But tonight, I lay awake, panic-stricken over the reality that is going to face me in fall 2020.
This summer was supposed to be the greatest summer yet; I had landed my dream internship in Colorado and had planned a semester of weekend camping trips exploring my new state.
Then reality struck.
For the past 112 days, I’ve been sleeping in my childhood bedroom in Florida, somewhere I hadn’t lived for longer than two weeks at a time in the past three years. I was lucky though; I finished my remote classes with ease and my summer internship had gone virtual.
But I still can’t help to think about how my first summer as a 21-year-old has become nights of watching TV with my parents, and only leaving the house for essentials. But I did what I was told, and I expected everyone else to do the same.
Now, it’s mid-July. Florida, where I’m now residing, is the new epicenter for the entire world. The news each night has a video of some American refusing to wear a mask or some teenagers throwing a social distance-free rager. Around me cases are exploding, and my college (located in Georgia, which isn’t far behind) has promised that almost all classes will have an in-person component that is required.
Tonight, I lay awake in fear over that prospect.
As a senior engineering student, I planned to take senior design in the fall, a collaborative class that culminates into a final group project. I’m also a leader of many clubs that, as of now, have the go-ahead from the school to conduct in-person events. Normally, I would be leaping at the chance for these opportunities on campus.
But now I would rather not go.
The University System of Georgia, which indirectly is run by the governor Brian Kemp, is unwilling to admit that the state of Georgia has failed. In that failure, they’re putting at risk the lives of their students and their world-class professors.

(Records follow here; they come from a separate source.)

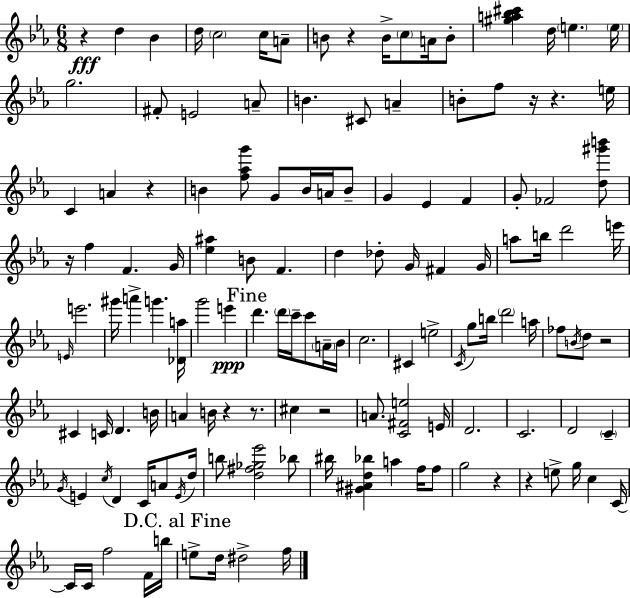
{
  \clef treble
  \numericTimeSignature
  \time 6/8
  \key ees \major
  r4\fff d''4 bes'4 | d''16 \parenthesize c''2 c''16 a'8-- | b'8 r4 b'16-> \parenthesize c''8 a'16 b'8-. | <gis'' a'' bes'' cis'''>4 d''16 \parenthesize e''4. \parenthesize e''16 | \break g''2. | fis'8-. e'2 a'8-- | b'4. cis'8 a'4-- | b'8-. f''8 r16 r4. e''16 | \break c'4 a'4 r4 | b'4 <f'' aes'' g'''>8 g'8 b'16 a'16 b'8-- | g'4 ees'4 f'4 | g'8-. fes'2 <d'' gis''' b'''>8 | \break r16 f''4 f'4. g'16 | <ees'' ais''>4 b'8 f'4. | d''4 des''8-. g'16 fis'4 g'16 | a''8 b''16 d'''2 e'''16 | \break \grace { e'16 } e'''2. | gis'''16 a'''4-> g'''4. | <des' a''>16 g'''2 e'''4\ppp | \mark "Fine" d'''4. \parenthesize d'''16 c'''16-- c'''8 \parenthesize a'16-- | \break bes'16 c''2. | cis'4 e''2-> | \acciaccatura { c'16 } g''8 b''16 \parenthesize d'''2 | a''16 fes''8 \acciaccatura { b'16 } d''8 r2 | \break cis'4 c'16 d'4. | b'16 a'4 b'16 r4 | r8. cis''4 r2 | a'8. <c' fis' e''>2 | \break e'16 d'2. | c'2. | d'2 \parenthesize c'4-- | \acciaccatura { g'16 } e'4 \acciaccatura { c''16 } d'4 | \break c'16 a'8 \acciaccatura { e'16 } d''16 b''8 <d'' fis'' ges'' ees'''>2 | bes''8 bis''16 <gis' ais' d'' bes''>4 a''4 | f''16 f''8 g''2 | r4 r4 e''8-> | \break g''16 c''4 c'16~~ c'16 c'16 f''2 | f'16 b''16 \mark "D.C. al Fine" e''8-> d''16 dis''2-> | f''16 \bar "|."
}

I do not want to be used as a pawn in their game, but as a student I am subject to the moves they make.
Trust me, I have not enjoyed my past four months secluded from my friends and stripped of any interaction with people my age. But I have pushed through for the greater good, while watching many kids my age just dismiss the weight of this pandemic.
I do not see the benefit in attending in-person classes if, while taking part in them, I’m going to fear for my safety. I know that this is not the same situation for every college student, but I’d much prefer to take my classes virtually, in the comfort of my own home, instead of trying to focus in a classroom terrified for my own health.
College students already suffer from high rates of anxiety, and the fear of contracting the virus is only going to exacerbate those feelings and create a more haphazard learning environment. (Not to mention the environment created once students inevitably contract the virus and are quarantined.)
Colleges say that the learning experience virtually is just not the same. And they’re right. It does lack the student-to-student connection that college is designed around. But that connection won’t be same with 6 feet of distance. It will be more isolating to see your friends and want to interact with them via movie nights and kickback parties, only to be forced to keep a separation of 6 feet at all times. (Which I highly doubt every student is going to follow.)
I would do anything for COVID to magically disappear. I desperately want to reconnect with my friends, learn in a classroom, and utilize campus facilities. But those things are unlikely to happen in this new era. I will be reconnecting with my friends at a six-foot distance. I will be learning in a classroom from an at-risk professor who is afraid to come close to any student. I will be using the campus facilities with a constant fear that the virus is all around me.
And that doesn’t sound like a healthy college experience to me.